Evidence Resolution
The Evidence Resolver validates evidence citations from extraction and resolves them to pixel-level bounding boxes for UI visualization.
Lambda: coquititle-evidence-resolver
Technology: Deterministic matching + visual grounding + parallel LLM fallback
Three-Phase Processing
Evidence resolution uses a tiered approach to maximize accuracy while minimizing LLM costs:
Phase 1: Deterministic Matching (Serial)
Fast, cost-free matching attempted first:
| Method | Confidence | Description |
|---|---|---|
exact | 1.0 | Quote found as exact substring in claimed line |
fuzzy_full_line | 0.8 | Normalized text match (lowercase, collapsed whitespace) |
nearby_exact | 1.0 | Exact match found in adjacent line (±2 lines) |
nearby_fuzzy | 0.8 | Fuzzy match in adjacent line |
# Normalization for fuzzy matching
def normalize_text(text):
text = text.lower()
text = re.sub(r'\s+', ' ', text)
return text.strip()
Phase 1.5: Visual Grounding (Parallel)
When deterministic matching fails, visual grounding uses Gemini to visually locate the extracted value on the PDF page image. This is particularly effective when OCR text doesn't match due to formatting or rendering differences, but the value is clearly visible on the page.
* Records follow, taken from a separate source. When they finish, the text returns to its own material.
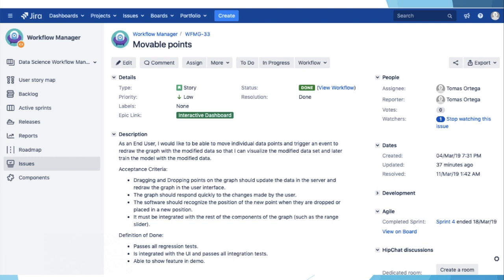The acceptance criteria for this user story is: dragging and dropping points on the graph should update the data in the server and redraw the graph in the user interface. The graph should respond quickly to the changes made by the user. The software should recognize the position of the new point when they are dropped or placed in a new position. It must be integrated with the rest of the components of the graph.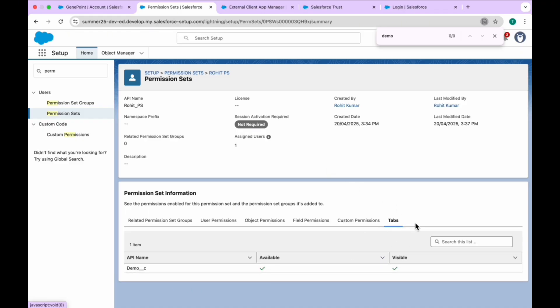You can now easily find tab settings and tab permissions for any object directly by going to the permission set and clicking on the Tabs heading. This is a very handy new feature.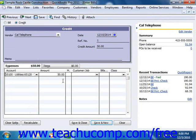Then click the Save and Close button to save the credit for later use when you go to pay the next bill from that vendor through the Pay Bills window.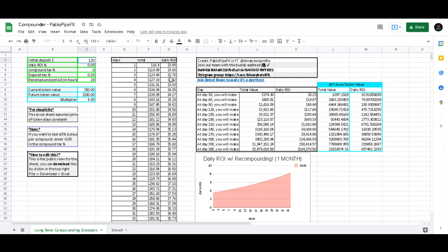But over here I want you to take a look at this. On the sheet that you'll be getting when you join my team, it tells you exactly what you'll be making within a monthly time frame. So at 30 days after the 120 dollar deposit, it's saying that after 30 days I'll be making eight dollars and twenty-three cents a day.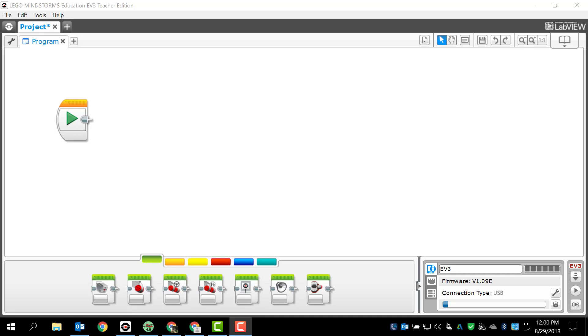All right, how's it going guys? This is Mr. Zari here from Spring Branch at Landrum Middle School and today we're going to take a look at programming the Lego Mindstorms EV3 robot using the color slash light sensor.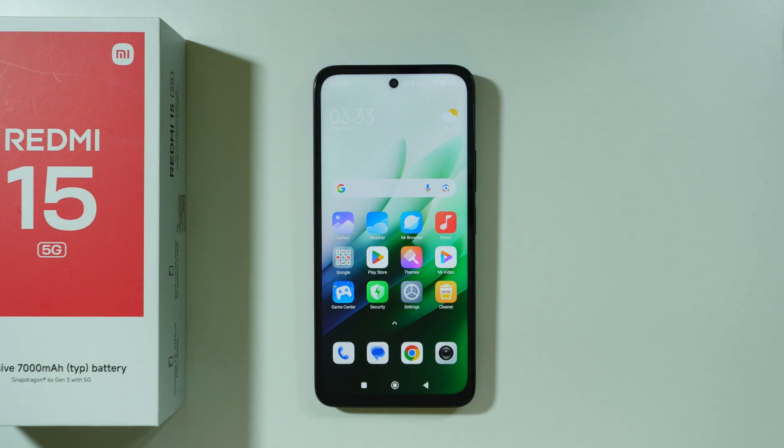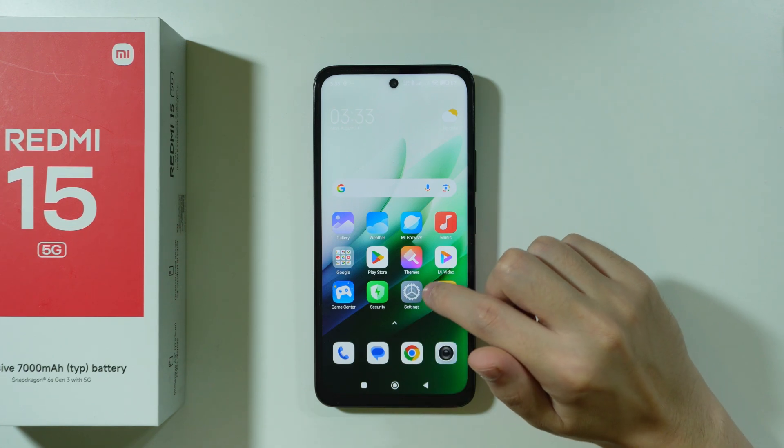If you want to change DPI settings on Redmi 15, we have two main ways that allow us to do so.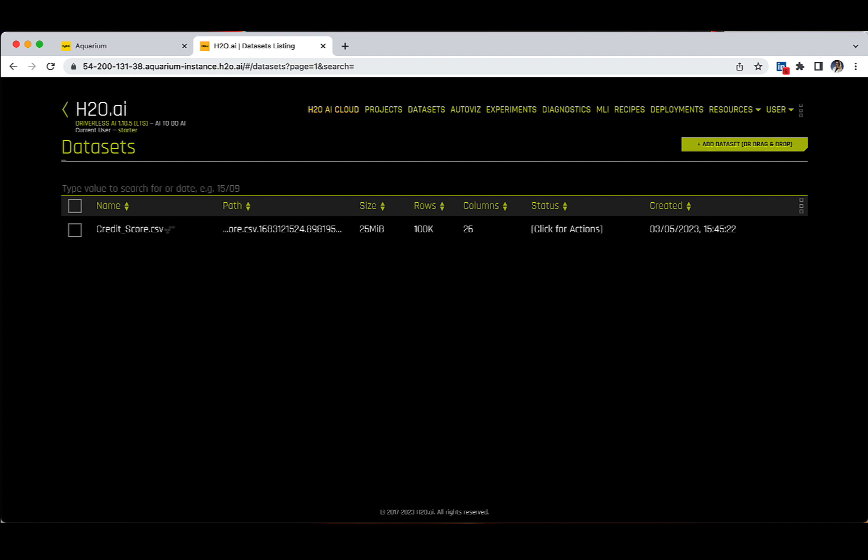In case you have a lot of datasets in this tab, you can search a specific file by name or by date of creation in the search bar section underneath the dataset's title.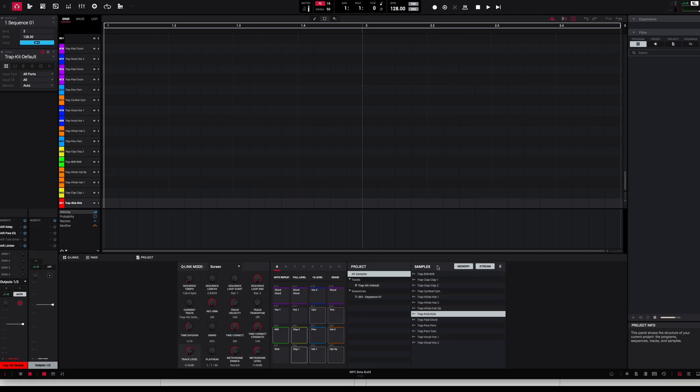After activating the software, simply load up a new project, connect your MPC in controller mode, and start making music.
| Method | Confidence | Description |
|---|---|---|
visual_grounding | 0.8 | Gemini visually locates value on PDF page |
Parallel Processing:
- Up to 12 concurrent visual grounding calls (
MAX_VG_WORKERS = 12) - Circuit breaker limits to 100 attempts per invocation to control API costs
- Pre-fetched PDF bytes and Gemini caches minimize database access in threads
Per-Document Caching:
To avoid re-uploading the same PDF for multiple evidence references on the same document, visual grounding uses per-document Gemini context caching:
- PDF pages are uploaded once and cached for 15 minutes
- Subsequent evidence items on the same document reuse the cached context
- LRU eviction with max 10 cached documents per invocation
Phase 2: LLM Fallback (Parallel)
For evidence that fails both deterministic matching and visual grounding (common with garbled OCR from handwritten documents where the value isn't visually identifiable):
| Method | Confidence | Description |
|---|---|---|
llm | 0.85 | LLM-based token matching |
approximate | 0.3 | Last-resort: highlight claimed line ± 1 |
failed | 0.0 | No match found |
Parallel Processing:
- Up to 12 concurrent LLM calls (
MAX_LLM_WORKERS = 12) - Each call resolves one evidence citation
- Pre-fetched tokens and page context for thread safety
LLM Fallback Architecture
The LLM fallback handles garbled OCR where substring matching fails:
LLM Prompt Structure
The prompt explains that OCR of handwritten documents produces garbled text:
"Muñoz Bermúdez" might appear as "Locanto mu Berdas"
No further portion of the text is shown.